Categories: Monday Morning Wake-Up

Simple systems drive customer loyalty

August 25, 2008 | By Neil Ducoff | No Comments

A quick Neilism: “Systems set leaders free.” If you want consistency in customer service, satisfaction and retention, you must use systems. A football coach has his playbook – a collection of systems designed to produce specific results. What does your salon/spa’s playbook look like?
Customers are on the receiving end of your systems. If those systems are designed well and your team follows those systems with discipline and resolve, you have the best chance of achieving consistent and predictable results. If you’re lacking systems, or they’re poorly designed and not adhered to, your customers are on the receiving end of compromise. Your company phone won’t be answered correctly. Customers will be on hold too long. Problems will take longer to resolve. Retention will suffer.
Simple or complex, customer loyalty systems just make work move smoother. I stopped at a diner for breakfast with a client. It was one of those popular and very busy local spots with lots of character. The waitress would come by and pour some decaf for my client and some hi-test for me. She had a lot of tables to take care of and I began to wonder how she could remember who had decaf or regular. I decided to ask. “It’s simple,” she said, “the decaf cups have two red rings around the top and the cups for regular have one black ring.” Duh.

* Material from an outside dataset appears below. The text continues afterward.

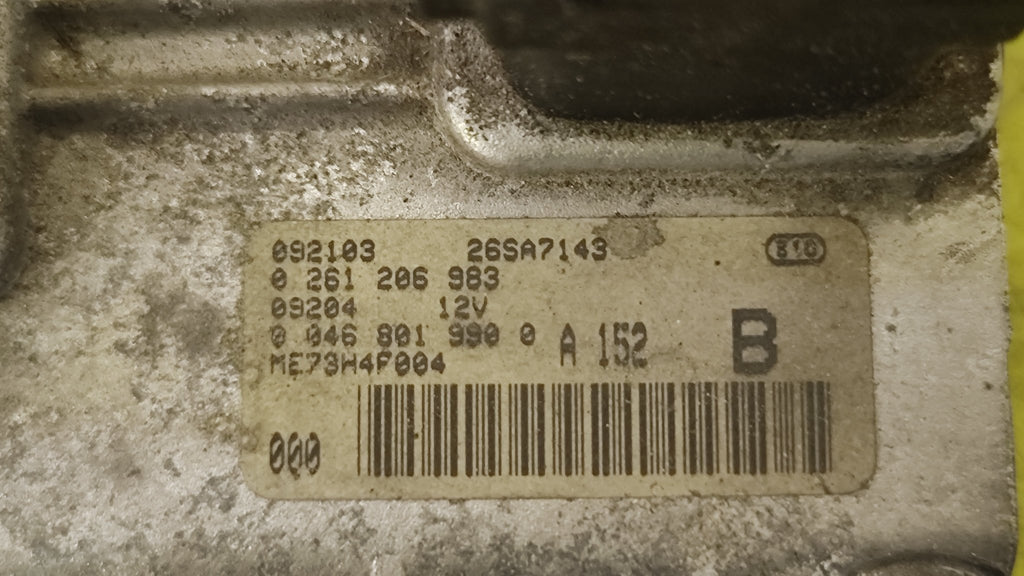 0261206983 Centralina motore Fiat 1.2B - Debiautomotive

What a simple and efficient system.
Here is a hit list of do-it-now strategies you can use to implement systems to drive the customer loyalty business outcome:
* Go critical. Begin identifying the critical areas in your business that have the greatest impact, positive and negative, on customer loyalty. Prioritize this list and assign teams to design, test and implement the new systems.
* Set time standards for all points of contact with customers including: answering calls within three rings; greeting and acknowledging customers within thirty seconds; never leave a customer on hold for more than two minutes, etc.
* Connect the dots. Tie your critical numbers for customer loyalty, specifically your first-time retention rate, as one of the qualifiers for a bonus payout. This sends a clear message to employees that if the company can’t maintain satisfactory retention rates, it can’t afford to pay bonuses. We have a coaching client who bases 50 percent of the bonus payout on his company’s ability to maintain a first-time retention rate of 50 percent or better. He’s been working this for over a year and his first-time retention has never dropped below 54 percent.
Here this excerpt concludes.